[EXERCISE DETAILS]
Without any of the pictures, transcribe all the lines below exactly.

*** PROVIDED RECORDS Section Begins ***

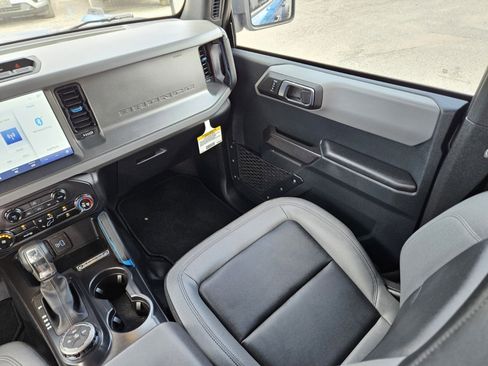 Certified 2024 Ford Bronco Black Diamond image 16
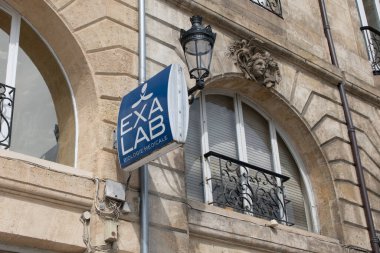 Bordeaux, Aquitaine France - 05 09 2023: EXALAB logosu ve Fransa Tıbbi Biyoloji Laboratuvarı zinciri önündeki duvar giriş kapısı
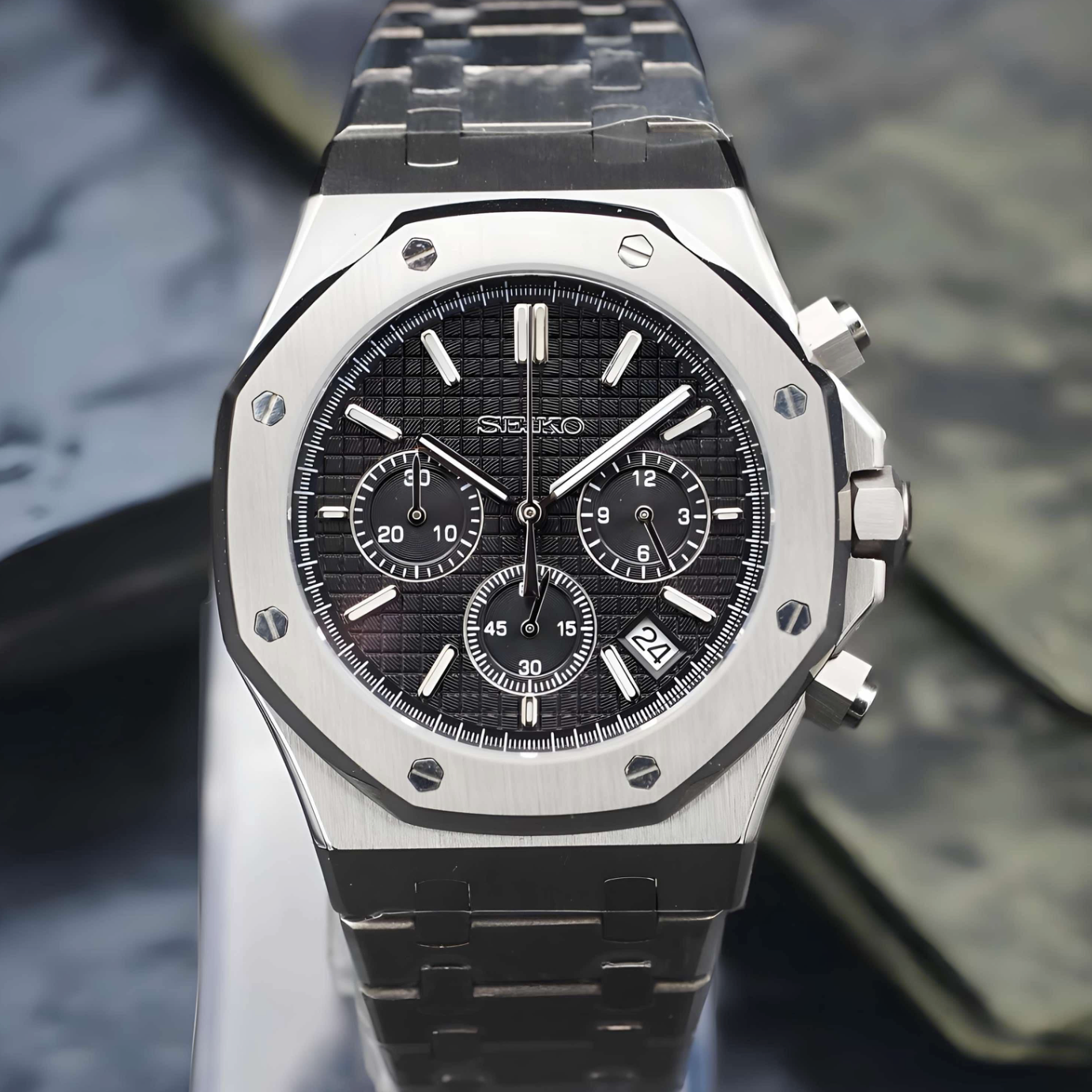 Royal Seikoak Black Chrono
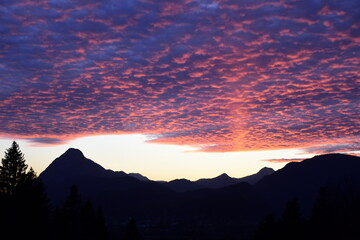 Abendrot mit Schäfchenwolken über Bergen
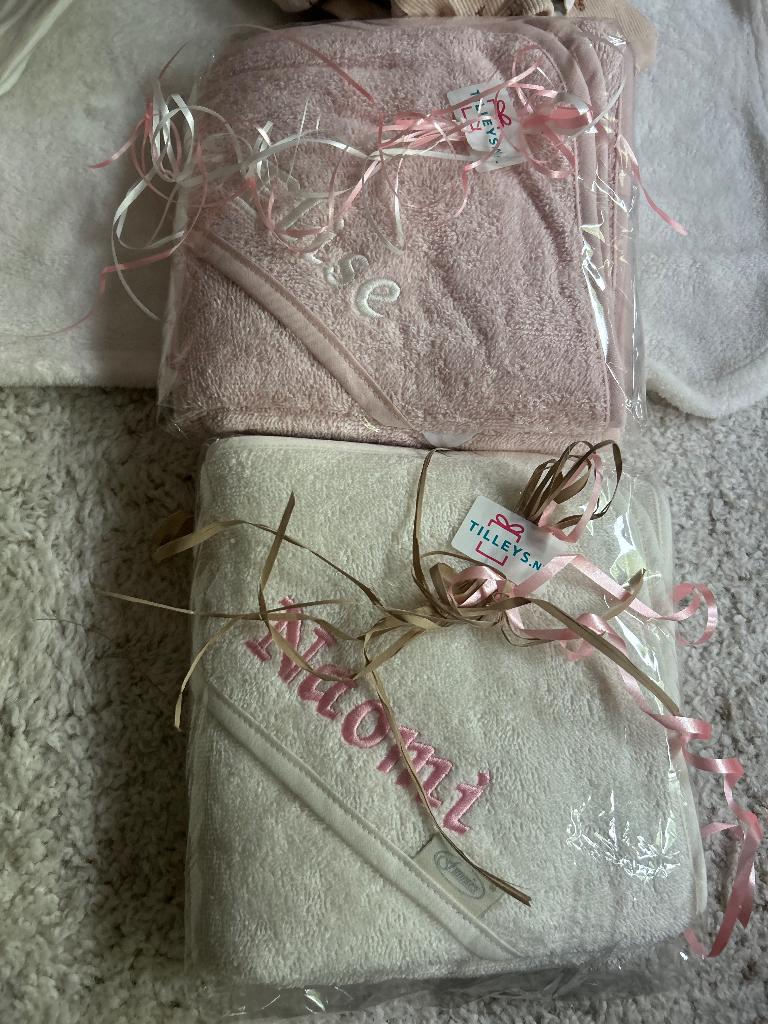 Kraamcadeau Naomi en Elise Handoek baby, Ophalen of Verzenden, Nieuw, Kraamcadeau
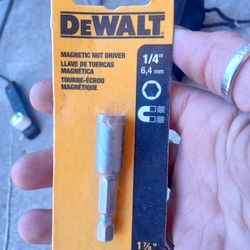 DeWalt Magnetic Nut Driver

*** PROVIDED RECORDS Section Ends ***

[THE ANSWER]
 Certified 2024 Ford Bronco Black Diamond image 16
 Bordeaux, Aquitaine France - 05 09 2023: EXALAB logosu ve Fransa Tıbbi Biyoloji Laboratuvarı zinciri önündeki duvar giriş kapısı
 Royal Seikoak Black Chrono
 Abendrot mit Schäfchenwolken über Bergen
 Kraamcadeau Naomi en Elise Handoek baby, Ophalen of Verzenden, Nieuw, Kraamcadeau
 DeWalt Magnetic Nut Driver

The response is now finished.